+++ RECORDS PROVIDED +++

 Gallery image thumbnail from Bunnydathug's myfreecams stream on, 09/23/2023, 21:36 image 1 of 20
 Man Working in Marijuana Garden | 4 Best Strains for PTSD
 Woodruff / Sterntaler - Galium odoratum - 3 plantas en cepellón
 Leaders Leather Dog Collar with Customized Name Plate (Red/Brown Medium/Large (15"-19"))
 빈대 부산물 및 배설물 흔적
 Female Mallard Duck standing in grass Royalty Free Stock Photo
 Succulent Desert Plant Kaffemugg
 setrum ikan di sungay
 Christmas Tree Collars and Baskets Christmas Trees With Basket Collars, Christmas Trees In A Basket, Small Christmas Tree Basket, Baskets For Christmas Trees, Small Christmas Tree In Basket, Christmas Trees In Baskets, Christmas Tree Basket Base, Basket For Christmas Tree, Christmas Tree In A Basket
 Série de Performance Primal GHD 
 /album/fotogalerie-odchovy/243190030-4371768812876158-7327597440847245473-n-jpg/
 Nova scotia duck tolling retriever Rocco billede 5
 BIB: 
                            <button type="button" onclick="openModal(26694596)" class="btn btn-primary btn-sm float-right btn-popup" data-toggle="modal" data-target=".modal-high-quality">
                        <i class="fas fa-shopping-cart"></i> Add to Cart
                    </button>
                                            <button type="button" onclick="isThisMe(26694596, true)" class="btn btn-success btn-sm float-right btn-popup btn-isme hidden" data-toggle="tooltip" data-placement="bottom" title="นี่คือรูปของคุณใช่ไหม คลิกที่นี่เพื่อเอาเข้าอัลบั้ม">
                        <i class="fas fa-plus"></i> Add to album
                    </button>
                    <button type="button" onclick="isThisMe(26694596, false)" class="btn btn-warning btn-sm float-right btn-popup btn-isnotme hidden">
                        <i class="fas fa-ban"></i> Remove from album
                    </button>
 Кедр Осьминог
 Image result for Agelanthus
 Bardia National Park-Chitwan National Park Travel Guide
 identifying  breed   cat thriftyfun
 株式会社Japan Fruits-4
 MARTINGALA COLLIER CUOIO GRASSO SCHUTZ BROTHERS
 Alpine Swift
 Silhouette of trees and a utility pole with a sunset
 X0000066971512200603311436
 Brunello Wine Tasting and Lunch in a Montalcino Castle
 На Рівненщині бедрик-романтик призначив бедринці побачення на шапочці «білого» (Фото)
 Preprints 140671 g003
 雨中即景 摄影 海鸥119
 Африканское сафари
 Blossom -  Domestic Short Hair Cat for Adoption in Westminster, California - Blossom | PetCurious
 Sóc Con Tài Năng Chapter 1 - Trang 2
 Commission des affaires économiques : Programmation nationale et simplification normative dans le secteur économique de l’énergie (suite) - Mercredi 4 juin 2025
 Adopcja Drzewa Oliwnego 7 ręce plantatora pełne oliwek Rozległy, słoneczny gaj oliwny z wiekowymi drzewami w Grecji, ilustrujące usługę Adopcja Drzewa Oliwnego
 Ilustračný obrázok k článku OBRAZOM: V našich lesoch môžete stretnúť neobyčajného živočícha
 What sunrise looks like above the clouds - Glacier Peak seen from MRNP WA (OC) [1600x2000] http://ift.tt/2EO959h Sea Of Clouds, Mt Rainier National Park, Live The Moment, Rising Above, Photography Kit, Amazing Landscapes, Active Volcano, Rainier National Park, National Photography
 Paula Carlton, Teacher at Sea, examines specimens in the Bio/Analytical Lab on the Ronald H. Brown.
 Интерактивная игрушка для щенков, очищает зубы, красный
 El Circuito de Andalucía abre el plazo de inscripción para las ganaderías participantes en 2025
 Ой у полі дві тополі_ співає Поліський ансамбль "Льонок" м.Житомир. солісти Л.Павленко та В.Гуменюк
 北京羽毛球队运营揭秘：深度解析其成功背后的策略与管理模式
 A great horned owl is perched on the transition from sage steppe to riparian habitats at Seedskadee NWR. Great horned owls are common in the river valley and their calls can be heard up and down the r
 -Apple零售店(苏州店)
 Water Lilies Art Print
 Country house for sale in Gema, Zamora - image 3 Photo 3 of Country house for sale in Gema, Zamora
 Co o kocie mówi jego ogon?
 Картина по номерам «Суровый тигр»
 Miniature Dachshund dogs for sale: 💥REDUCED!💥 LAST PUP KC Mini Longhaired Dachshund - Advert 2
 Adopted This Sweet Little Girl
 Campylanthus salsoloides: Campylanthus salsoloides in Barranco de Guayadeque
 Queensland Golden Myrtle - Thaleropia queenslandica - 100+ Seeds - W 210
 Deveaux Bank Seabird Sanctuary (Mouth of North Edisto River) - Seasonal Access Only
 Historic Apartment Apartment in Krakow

+++

## WHAT YOU SHOULD DO:
Which lines in the material contain the word "data"? Pull each of them out.

## REPLY:
                            <button type="button" onclick="openModal(26694596)" class="btn btn-primary btn-sm float-right btn-popup" data-toggle="modal" data-target=".modal-high-quality">
                                            <button type="button" onclick="isThisMe(26694596, true)" class="btn btn-success btn-sm float-right btn-popup btn-isme hidden" data-toggle="tooltip" data-placement="bottom" title="นี่คือรูปของคุณใช่ไหม คลิกที่นี่เพื่อเอาเข้าอัลบั้ม">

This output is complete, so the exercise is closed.